=== Section Start ===

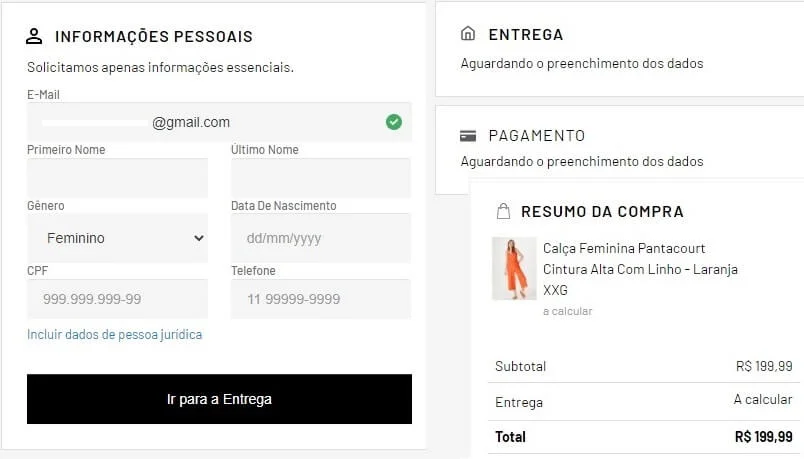 exemplo de processo de checkout simples e rápido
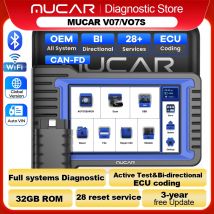 MUCAR VO7S/VO7 OBD2 escáner, sistema completo de diagnóstico, herramienta de reinicio 28, codificación ECU, prueba activa/bidireccional gratis para todos los coches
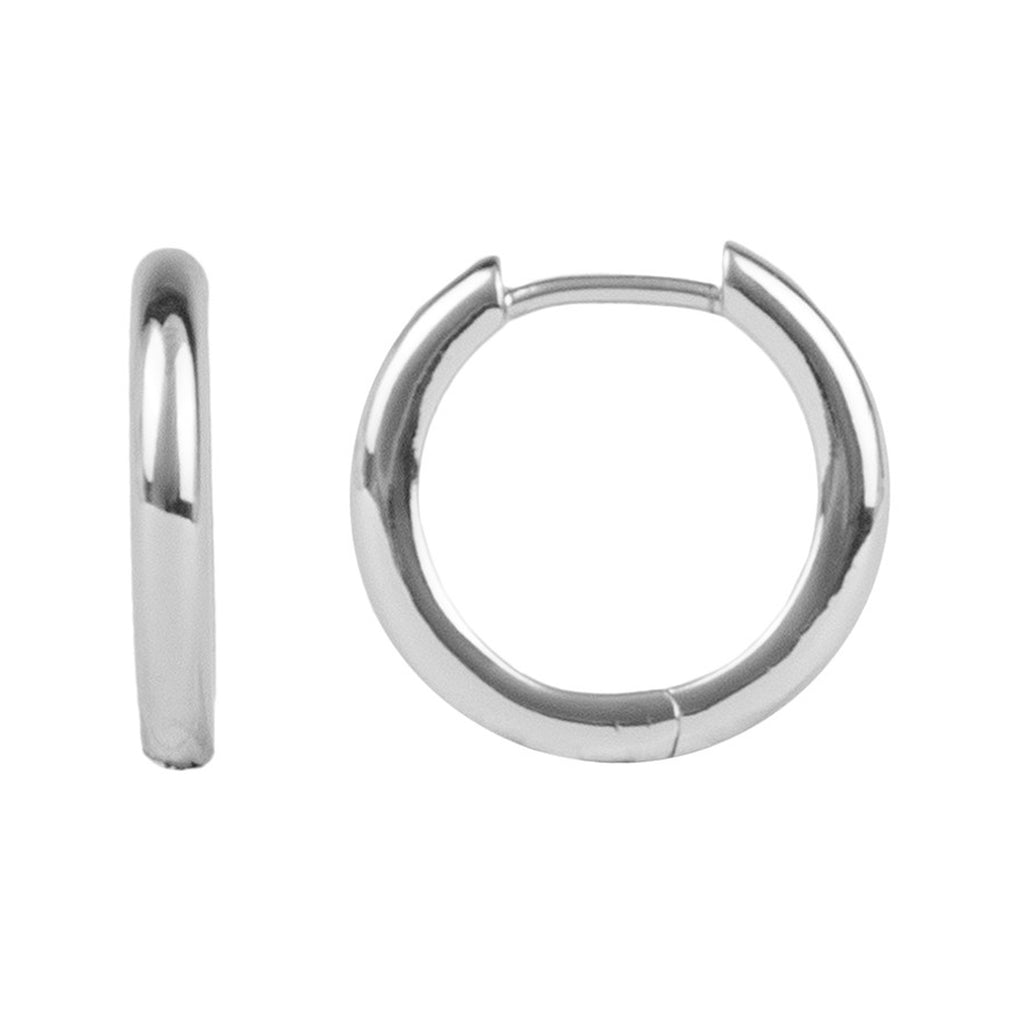 The hoop huggie plain earrings in silver colour from the brand ALL THE LUCK IN THE WORLD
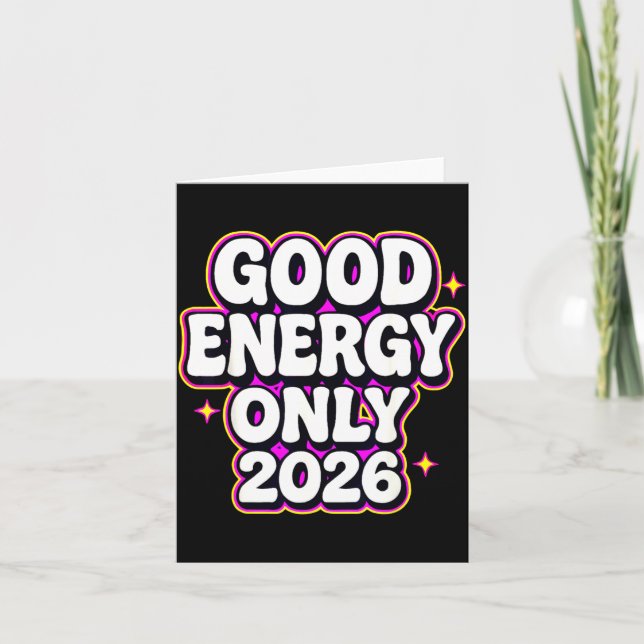 Cartão Good Energy Only 2026 Retro Bubble Letter Design  (Frente)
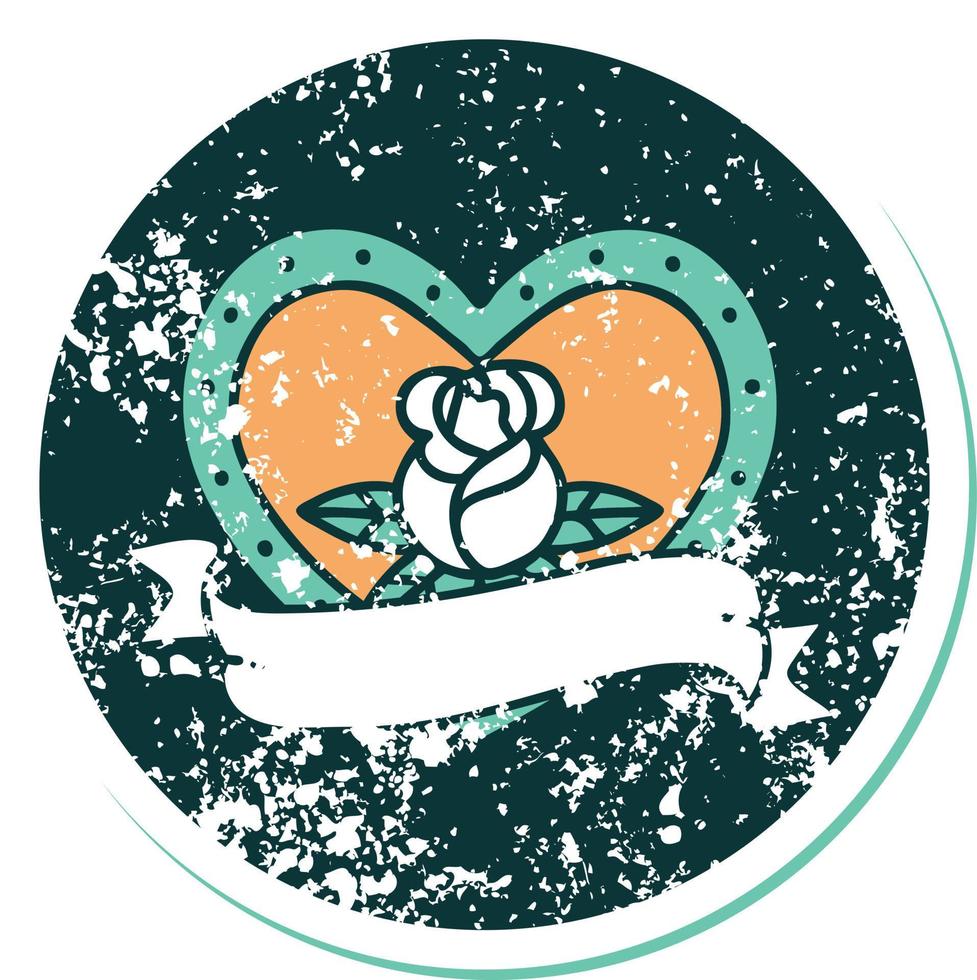 iconic distressed sticker tattoo style image of a heart rose and banner vector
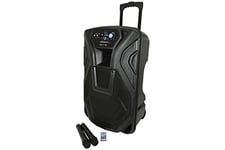 QTX BUSKER 15 Rechargeable Battery Powered Portable PA with 2 Wireless Microphones and Bluetooth Connectivity 15 Inch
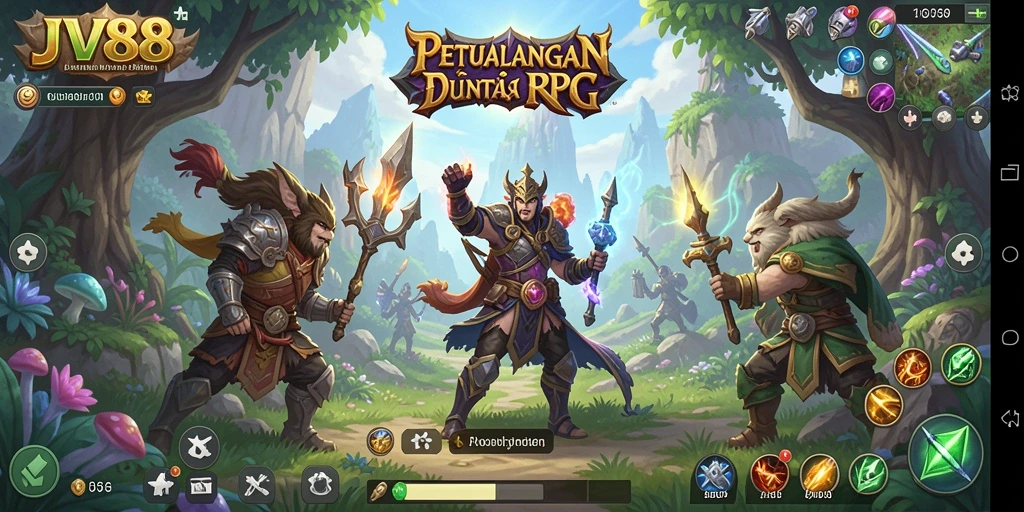 Screenshot utama JV88 menampilkan pertarungan epik dalam dunia RPG.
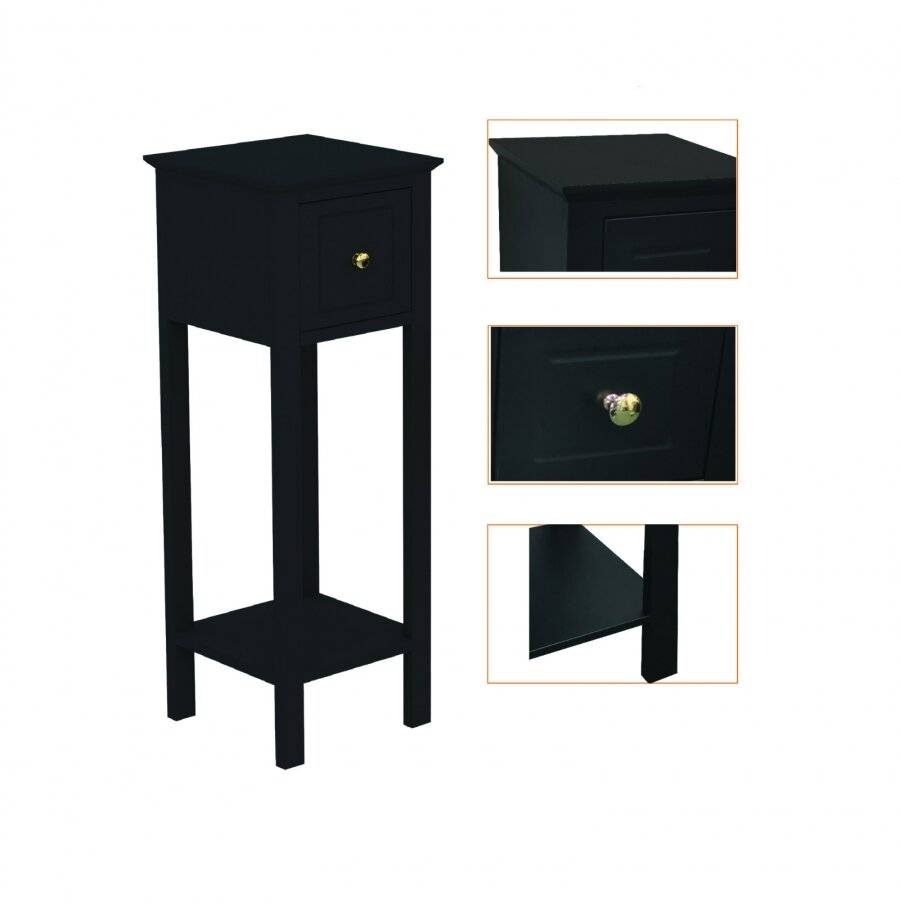 Woodluv MDF Bedside Free-Standing Storage Unit with Drawer, Black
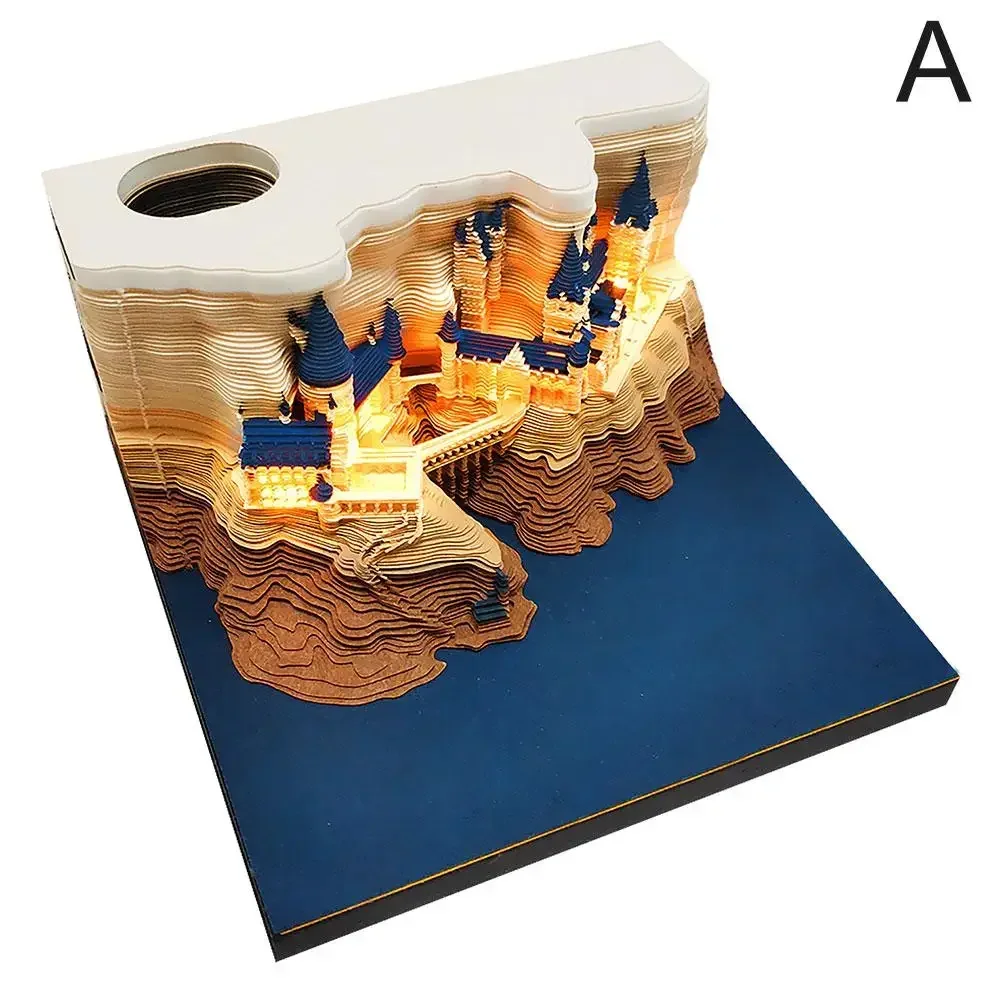 Castelo mágico 3d bloco de notas 2025 calendário bloco de notas hary design nota papel papelaria acessórios novidade presente com luz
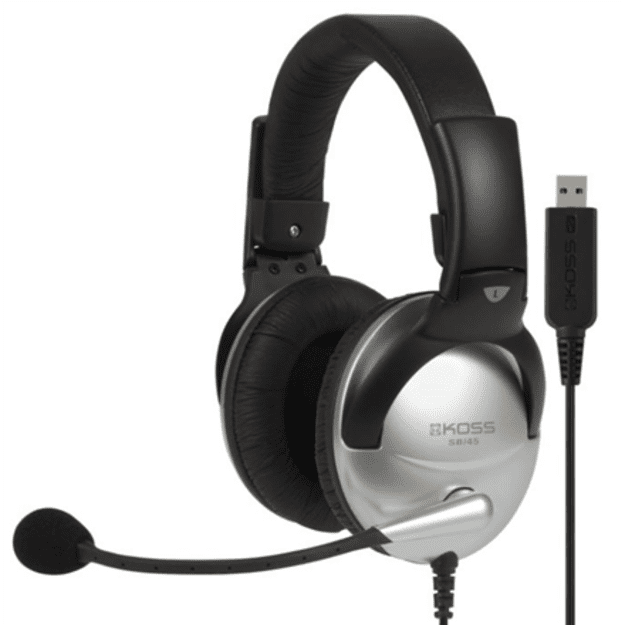 Koss | Gaming headphones | SB45 USB | Wired | On-Ear | Microphone | Silver/Black | Noise canceling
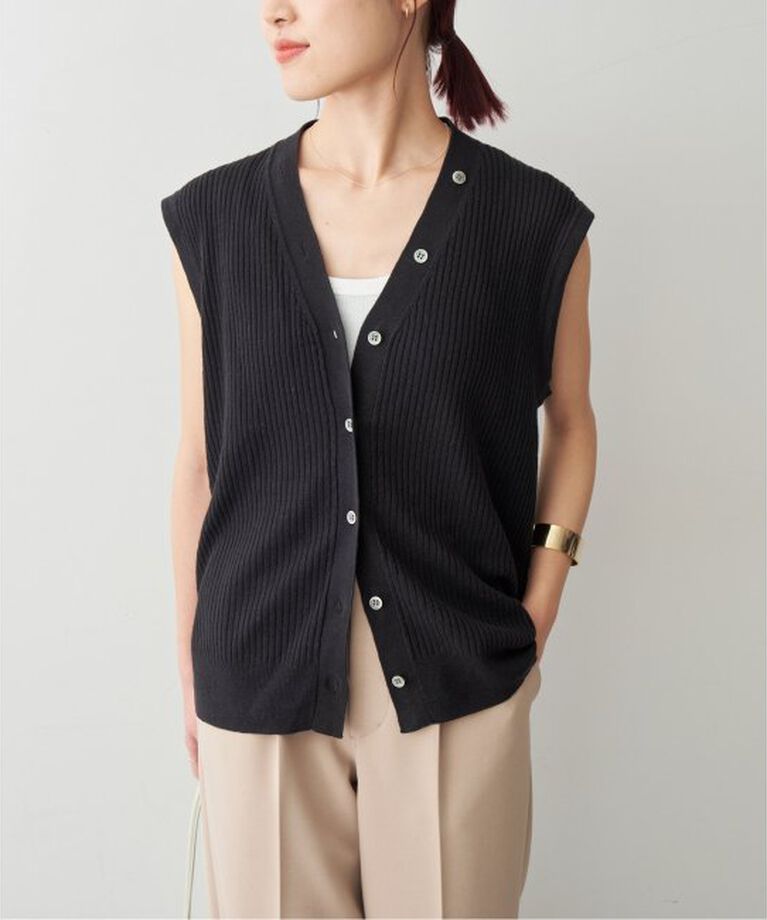 Spick and Span「リネンコットンリブニットベスト」|ベスト・ジレ|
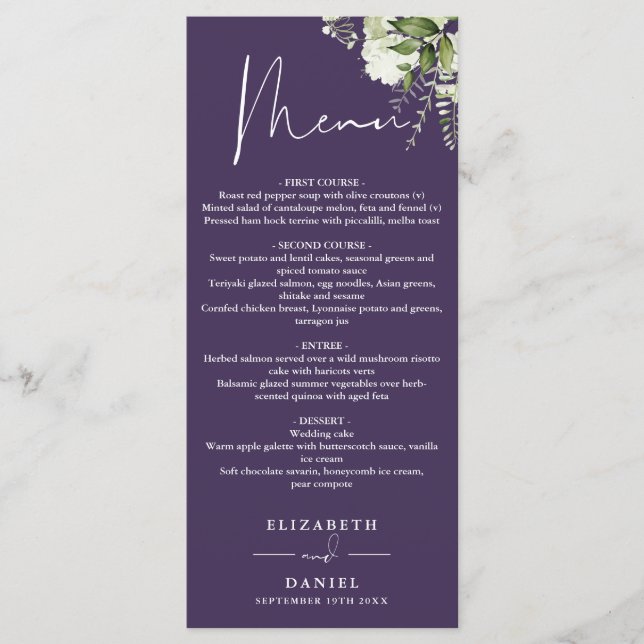 Menu de mariage floral pourpre avec monogramme (Devant)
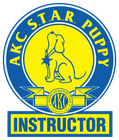 AKC S.T.A.R. Puppy Instructor badge with yellow dog emblem and blue border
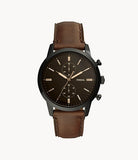 Fossil- Townsman 44mm Chronograph Brown Leather Watch FS5437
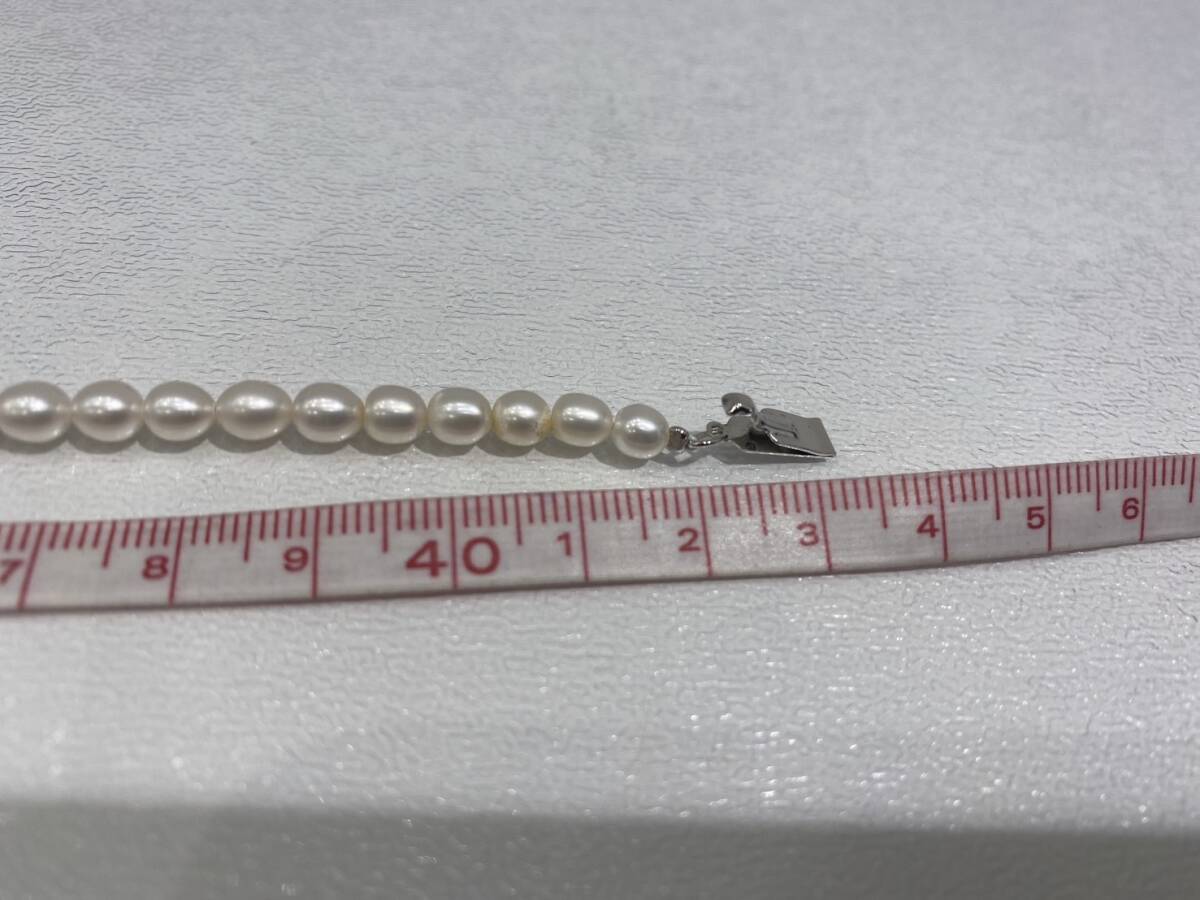 淡水パール ネックレス 真珠 約4.8mm〜5mm 全長約43cm シルバー SILVER 刻印 総重量14.8g_画像8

=== Section End ===

▶ **WORK ITEM**
Give again, word for word, only the lines that run from the top of the data above through the line with "Castelo mágico 3d". Drop the pictures.

▶ **ANSWER TO THIS EXERCISE**
 exemplo de processo de checkout simples e rápido
 MUCAR VO7S/VO7 OBD2 escáner, sistema completo de diagnóstico, herramienta de reinicio 28, codificación ECU, prueba activa/bidireccional gratis para todos los coches
 The hoop huggie plain earrings in silver colour from the brand ALL THE LUCK IN THE WORLD
 Cartão Good Energy Only 2026 Retro Bubble Letter Design  (Frente)
 iconic distressed sticker tattoo style image of a heart rose and banner vector
 QTX BUSKER 15 Rechargeable Battery Powered Portable PA with 2 Wireless Microphones and Bluetooth Connectivity 15 Inch
 Screenshot utama JV88 menampilkan pertarungan epik dalam dunia RPG.
 Woodluv MDF Bedside Free-Standing Storage Unit with Drawer, Black
 Castelo mágico 3d bloco de notas 2025 calendário bloco de notas hary design nota papel papelaria acessórios novidade presente com luz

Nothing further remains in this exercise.